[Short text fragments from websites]
=-=-=-=-=
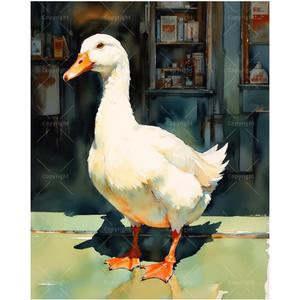 White Duck Paint by Numbers Kit for Adults - DIY Standing Duck Painting on Canvas 16x20In, Acrylic Paint Set, Suitable for Beginners, Art for Home Decoration or Gifts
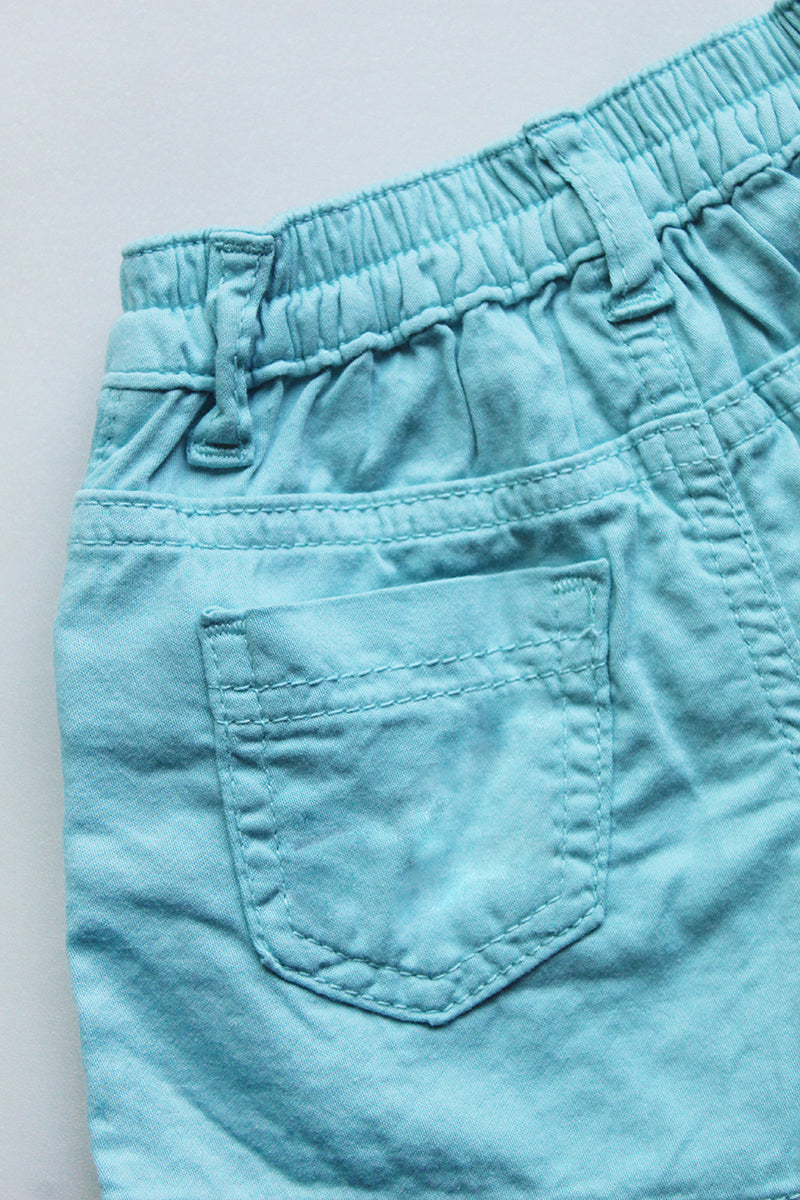Turquoise Ruffle Shorts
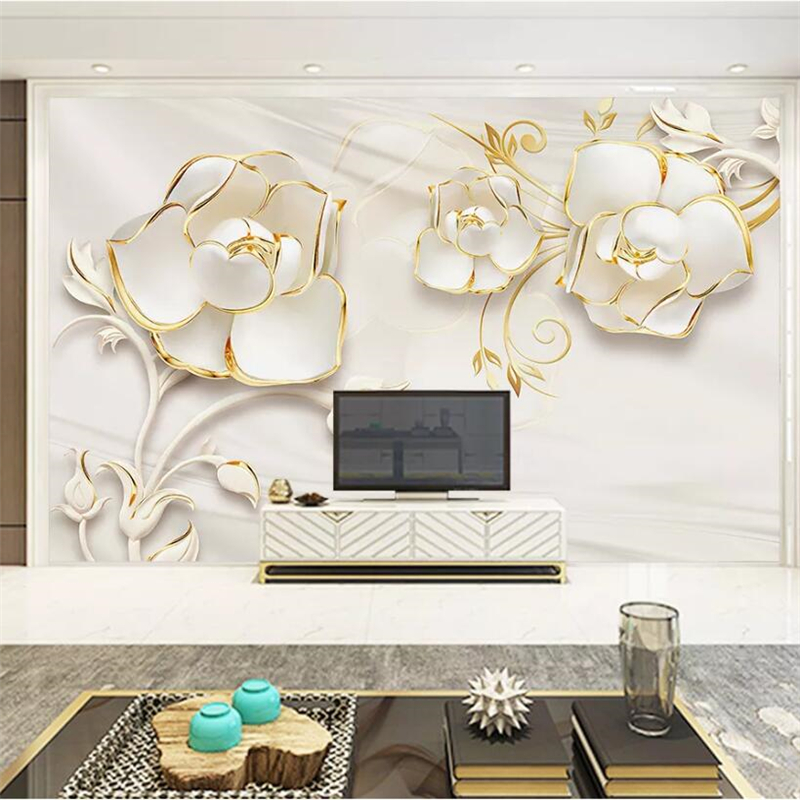 

mural Custom wallpaper 3D stereo photo murals silk rose home and rich gold wall decoration painting wall papers home decor 3d, As pic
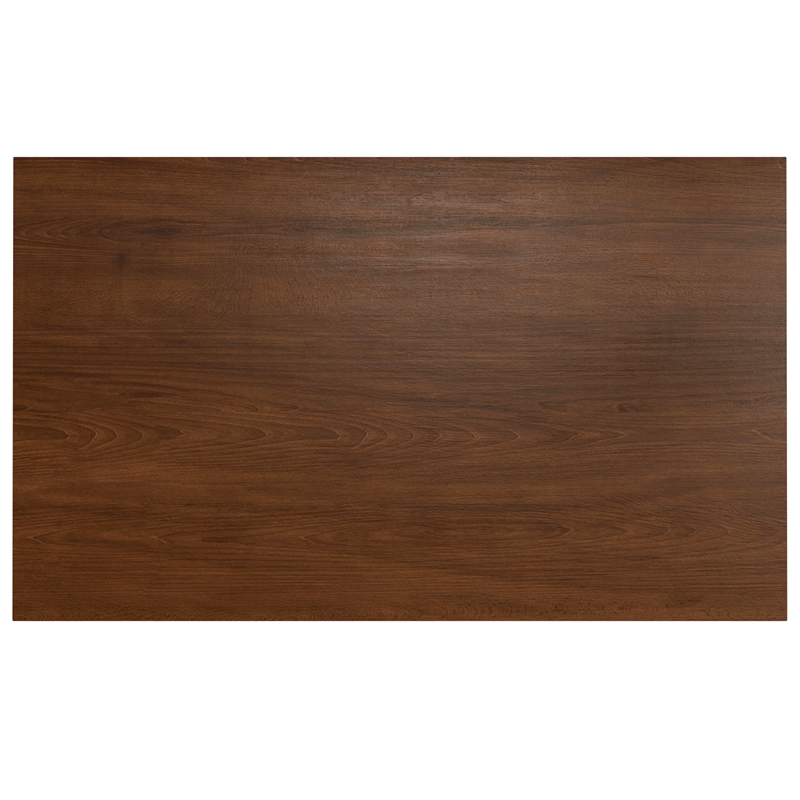Simpli Home Wilson Rectangle Contemporary Wood Dining Table in Walnut Brown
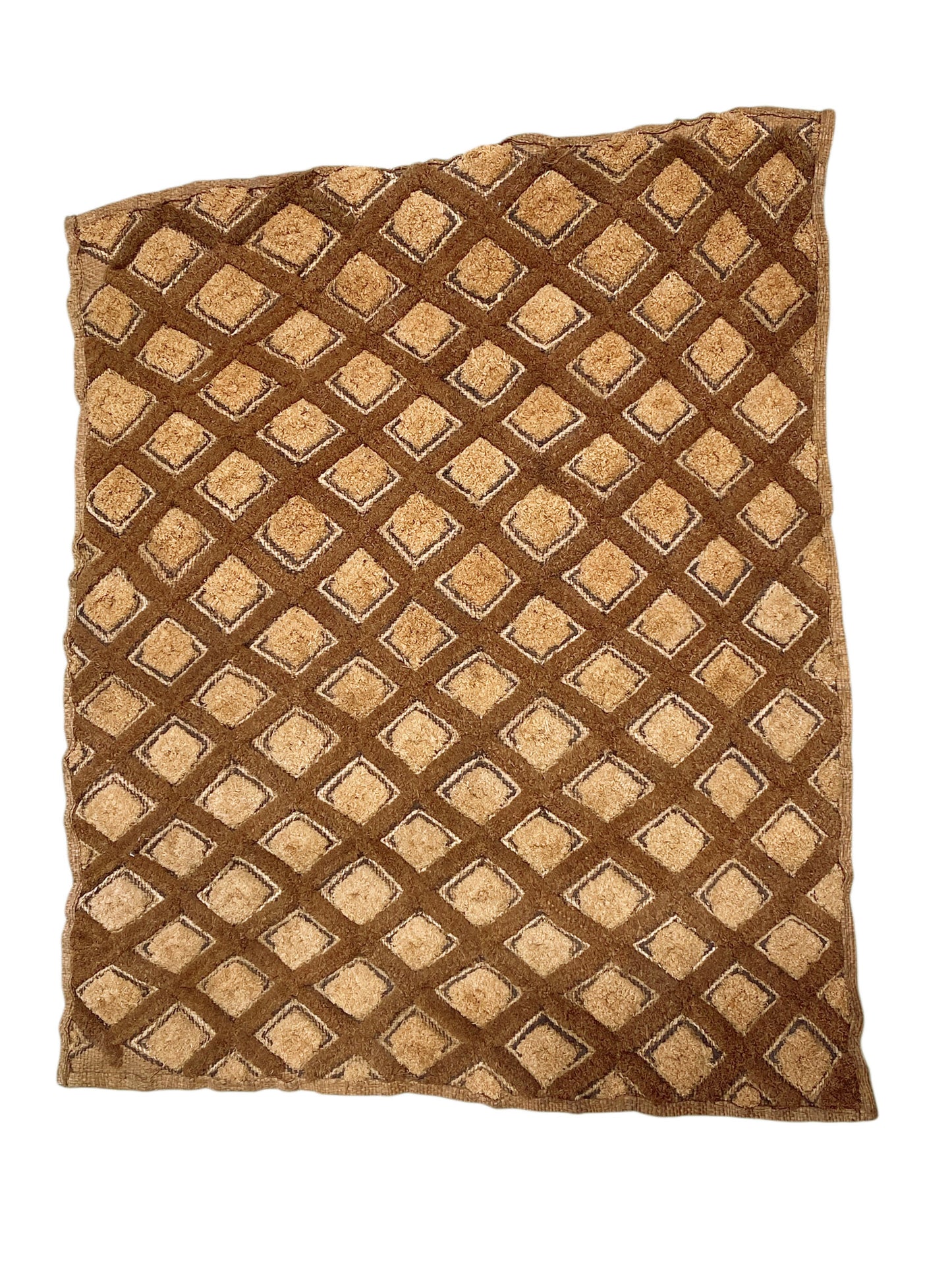 #213 Vintage African Tribal Kuba Kasai Velvet Raffia Textile 24" by 20.5"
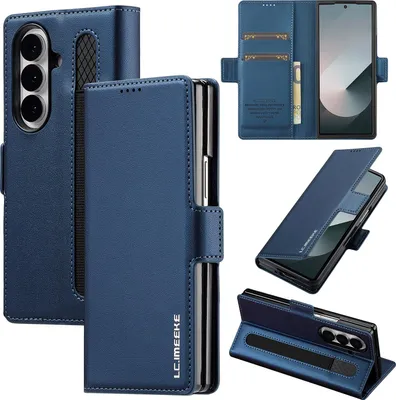 Immagine prodotto di Custodia magnetica in pelle flip per Samsung Galaxy Z Fold 7, con slot per schede e funzione stand Blu
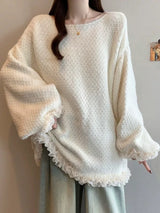 Lace Trim Patchwork Knit Sweater For Women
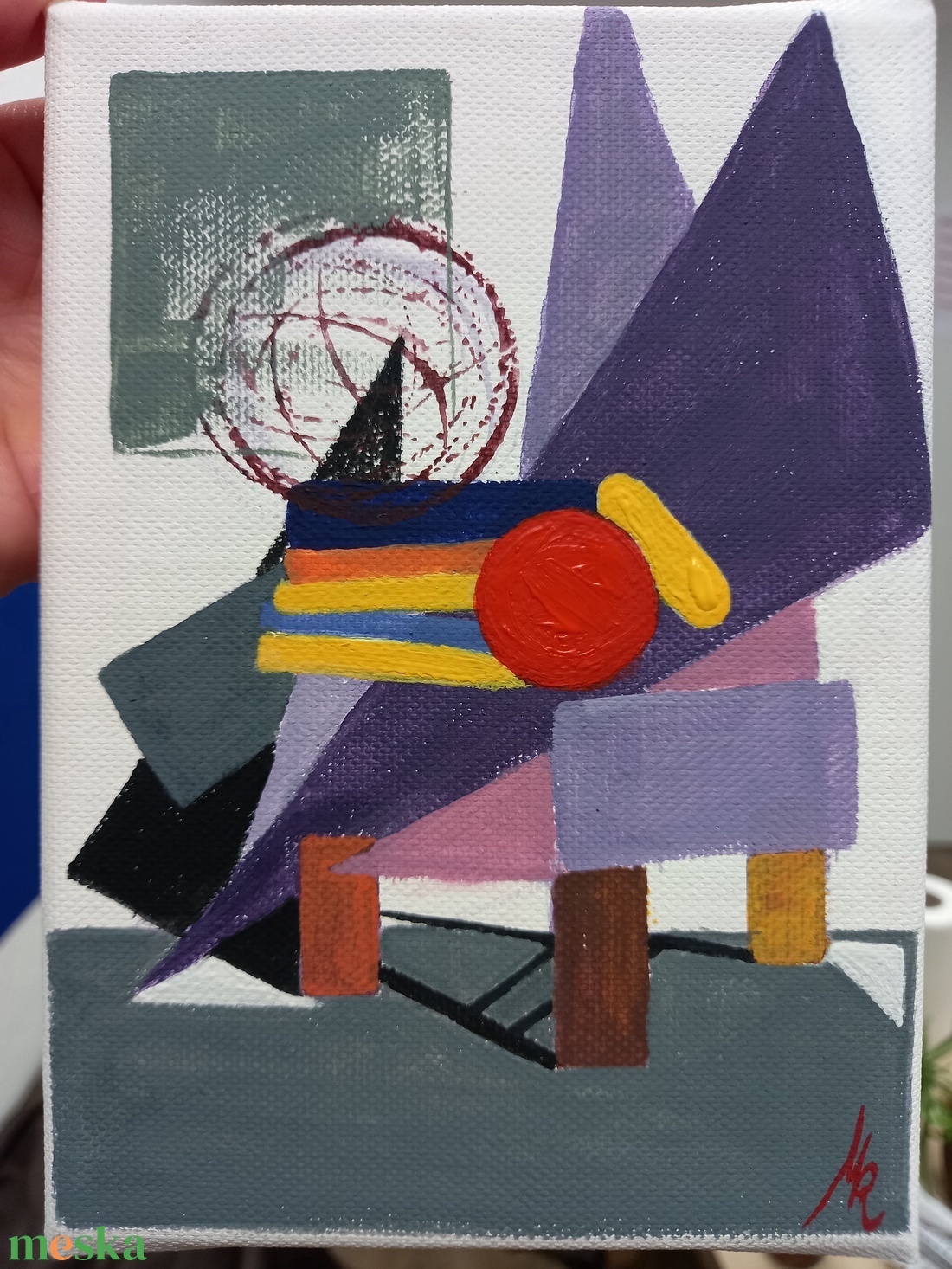 Piros teáskanna 2. - művészet - festmény - akril - Meska.hu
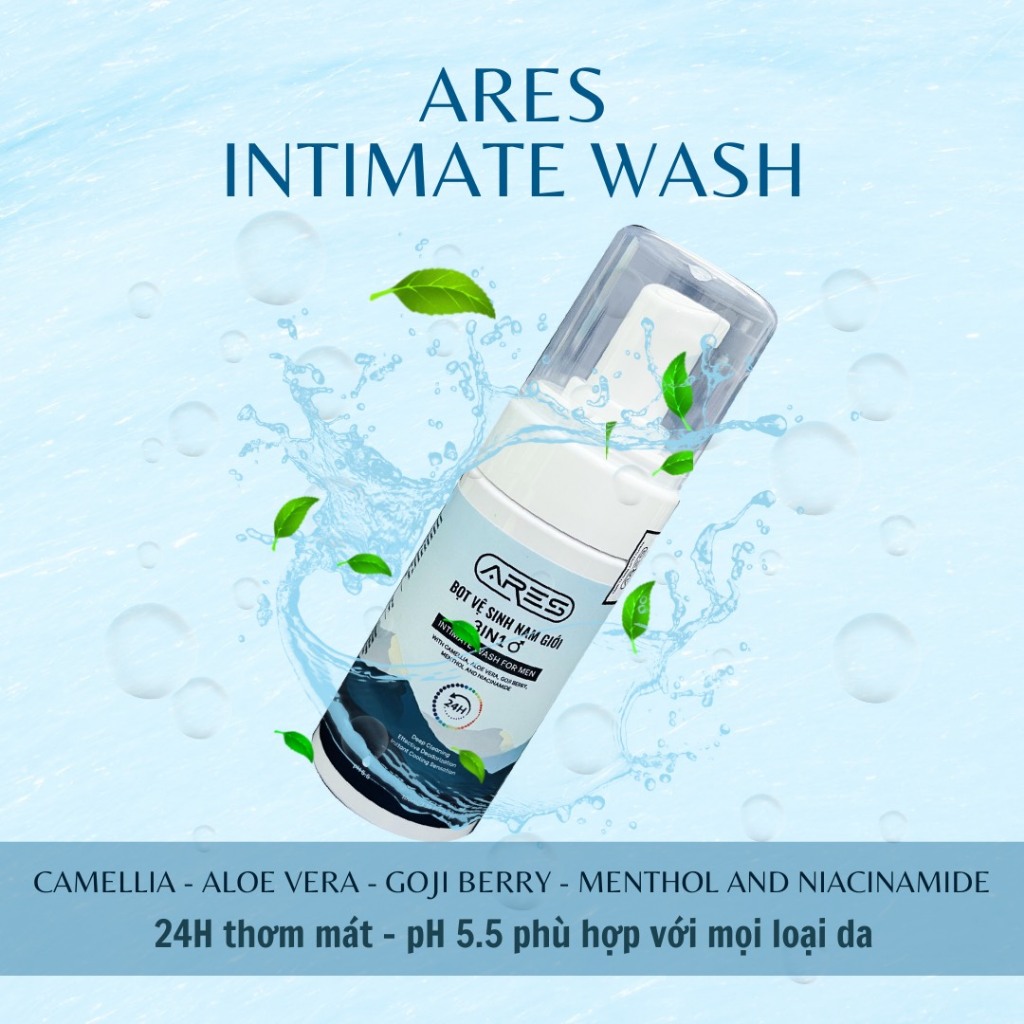 Mô tả Dung dịch vệ sinh nam giới Ares 3in1 Bọt vệ sinh nam giới Dung dịch tạo bọt tinh chất bạc hà 100ml - 3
=-=-=-=-=
- _Required action_
A word-for-word copy of all the data, without pictures, is the expected output.

- _Final answer_
 White Duck Paint by Numbers Kit for Adults - DIY Standing Duck Painting on Canvas 16x20In, Acrylic Paint Set, Suitable for Beginners, Art for Home Decoration or Gifts
Turquoise Ruffle Shorts

mural Custom wallpaper 3D stereo photo murals silk rose home and rich gold wall decoration painting wall papers home decor 3d, As pic
Simpli Home Wilson Rectangle Contemporary Wood Dining Table in Walnut Brown
 #213 Vintage African Tribal Kuba Kasai Velvet Raffia Textile 24" by 20.5"
 Immagine prodotto di Custodia magnetica in pelle flip per Samsung Galaxy Z Fold 7, con slot per schede e funzione stand Blu
 Lace Trim Patchwork Knit Sweater For Women
 Piros teáskanna 2. - művészet - festmény - akril - Meska.hu
 Mô tả Dung dịch vệ sinh nam giới Ares 3in1 Bọt vệ sinh nam giới Dung dịch tạo bọt tinh chất bạc hà 100ml - 3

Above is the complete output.